2. Dava konusu Kocaeli ili, ... ilçesi, ... Mahallesi kök 81 parsel sayılı 30.000 m² ölçüme sahip taşınmazın 1950 yılında kesinleşen orman tahdidine göre orman sınırları içinde kalmasına rağmen 1965 yılında yapılan tapulama çalışması sırasında ... Tapulama Hakimliğinin 1965/10 Esas, 1969/96 Karar sayılı 09.07.1969 kesinleşme tarihli kararı ile tarla vasfıyla özel mülkiyete konu edilerek, tapu düzenlendiği ve 1986 yılında davacıların murisi ...'nın taşınmazın tamamının maliki olduğu, bu taşınmaz üzerine 1991 yılında orman şerhi işlendiği, 03.11.1995 tarihinde Kadastro gören yerlerde düzeltme ve değişiklik işlemi ile eski 81 nolu parselin kuzeyinde bulunan 12.119 m²lik kısmının tefrik edilerek 899 parsel numarası ile orman vasfıyla davacılar murisi adına tapuya kaydedildiği, 81 nolu parselin güneyinde bulunan 5806 m²lik kısmının da tefrik edilerek 900 parsel numarası ile yine orman vasfıyla davacılar murisi adına tapuya kaydedildiği, bakiye 12.075 m² kısmın 81 parsel numarası ile tarla vasfıyla davacılar murisi ... üzerinde bırakıldığı, 14.04.2015 tarihli 3402 sayılı Kadastro Kanunu'nun 22 inci maddesinin (a) bendi uyarınca yapılan uygulama ile parsellerin yüzölçümlerinin düzeltilerek 899 parselin 12.089,77 m² ile yeni 149 ada 33 parsel olarak ve 900 parselin de 5.845.50 m² ile yeni 149 ada 31 parsel numarası ile orman vasfıyla davacılar murisi adına tescil edildiği, ayrıca bu taşınmazlar üzerinde 2008 tarihli orman şerhinin konulduğu, bu iki taşınmazın dava tarihinde davacılar murisi adına kayıtlı olduğu ve vasfının orman olarak değiştirilmesi ve üzerine orman şerhinin konulması sebebiyle mülkiyet hakkının sınırlandığı ve kullanılamaz olduğu, bu haliyle devletin 4721 sayılı Kanun'un 1007 nci maddesi uyarınca tazminat sorumluluğunun doğduğu anlaşılmaktadır.
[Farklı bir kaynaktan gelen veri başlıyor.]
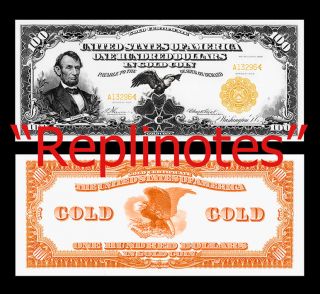 1908 $100 Gold Certificate Copy/replica/reproduction Note photo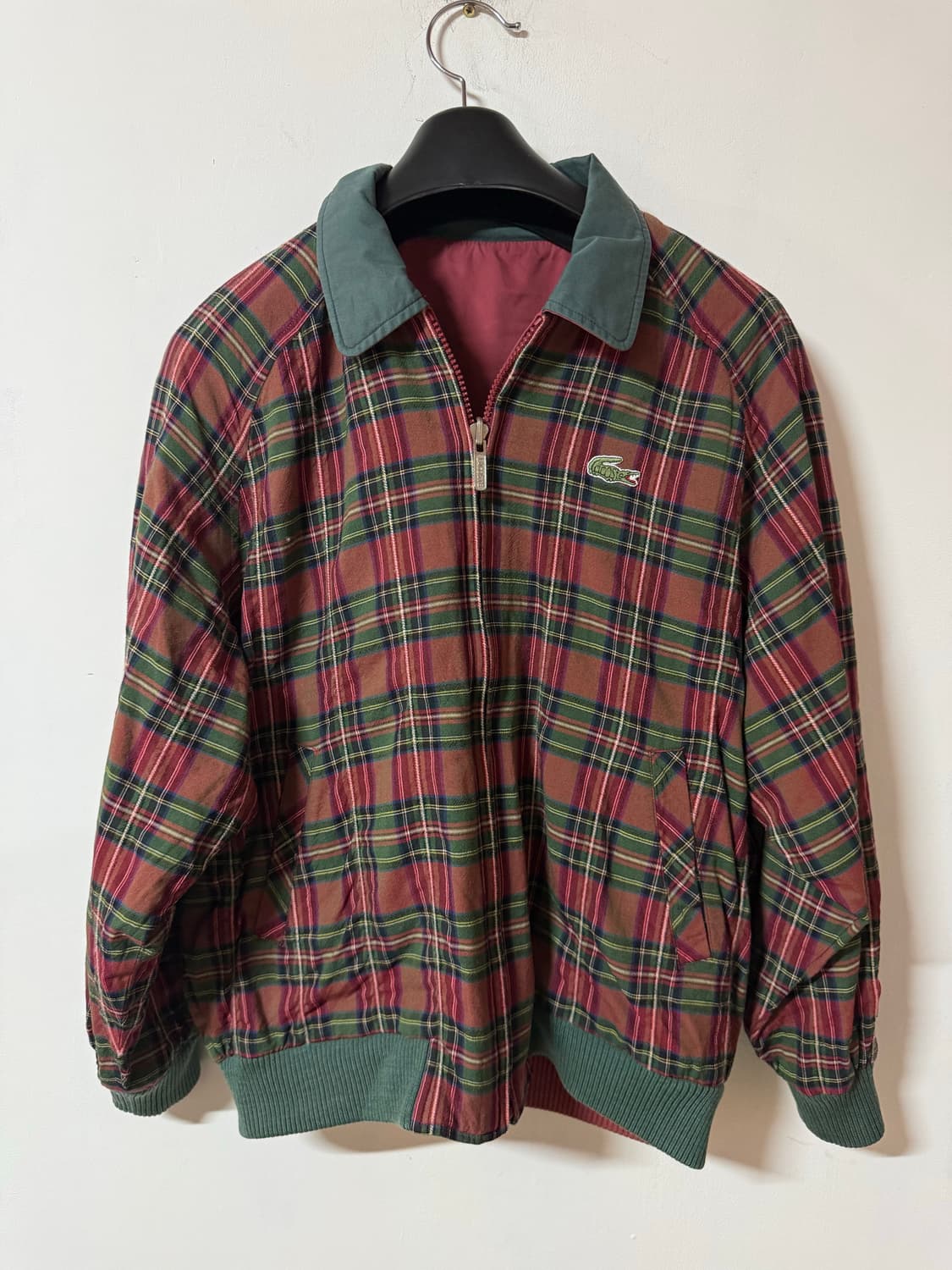 90‘s 라코스테 빈티지 타탄 체크 리버시블 자켓 L 상품이미지4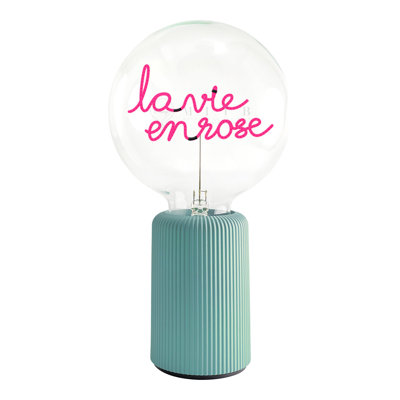 Bulb LA VIE EN ROSE Red with Base Table Lamp PORTABLE Pop Nomad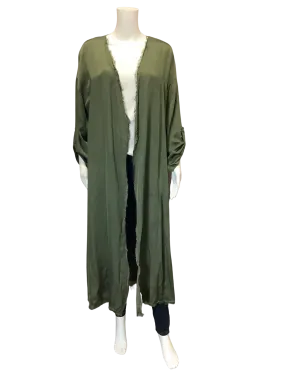 Brand Bazar Womens Cardigan Maxi Green Freyed Trim Size: L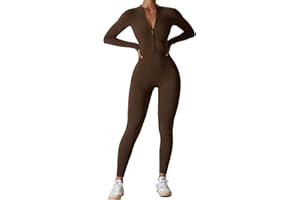 OEAK Mono deportivo largo ajustado para mujer, de manga larga, cuello alto, con cremallera, forro polar, sin costuras, de una pieza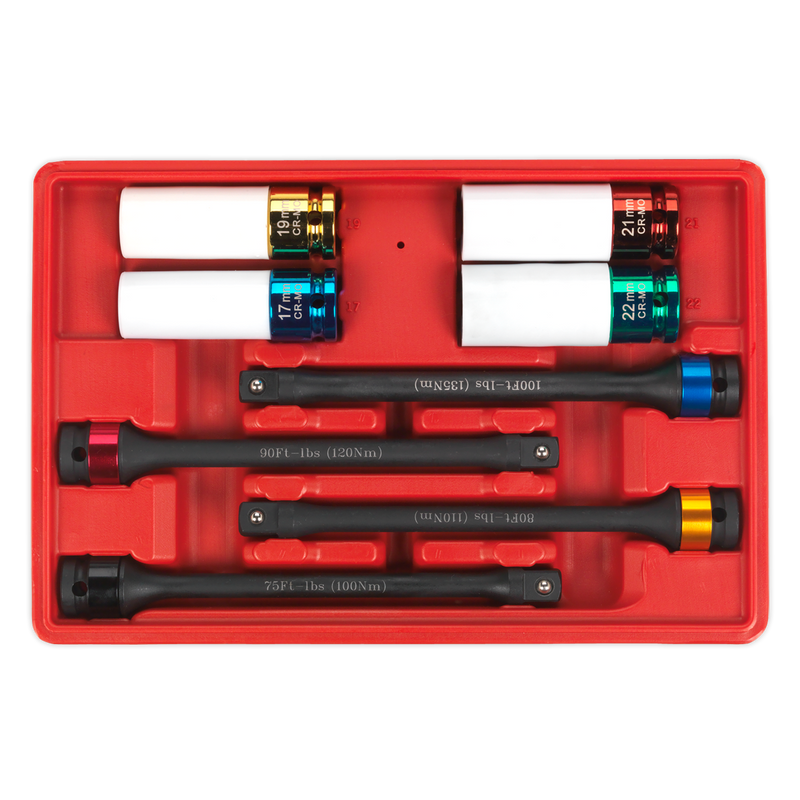 Sealey Torque Stick & Impact Socket Set 1/2" Drive 8 Piece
3. Arazi niteliğindeki Kocaeli ili, ... ilçesi, ... Mahallesi 149 ada 31 ve 33 parsel sayılı taşınmazlara gelir metodu esas alınarak tazminata hükmolunmasında ve davacı adına olan tapu kaydının iptali ile orman vasfıyla Hazine adına tesciline karar verilmesinde bir isabetsizlik görülmemiştir.

4. Temyizen incelenen karar, tarafların karşılıklı iddia ve savunmalarına, dayandıkları belgelere, uyuşmazlığa uygulanması gereken hukuk kuralları ile hukukî ilişkinin nitelendirilmesine, dava şartlarına, yargılama ve ispat kuralları ile kararda belirtilen gerekçelere göre usul ve kanuna uygun olup temyiz dilekçesinde ileri sürülen nedenler kararın bozulmasını gerektirecek nitelikte görülmemiştir.

VI. KARAR

Açıklanan sebeplerle;

Davalı Hazine vekilinin yerinde görülmeyen tüm temyiz itirazlarının reddiyle usul ve kanuna uygun Bölge Adliye Mahkemesi kararının 6100 sayılı Kanun’un 370 inci maddesinin birinci fıkrası uyarınca ONANMASINA,

Davalı Hazine harçtan muaf olduğundan harç alınmasına yer olmadığına,

Dosyanın İlk Derece Mahkemesine, kararın bir örneğinin Bölge Adliye Mahkemesine gönderilmesine,

16.10.2023 tarihinde oy birliğiyle karar verildi.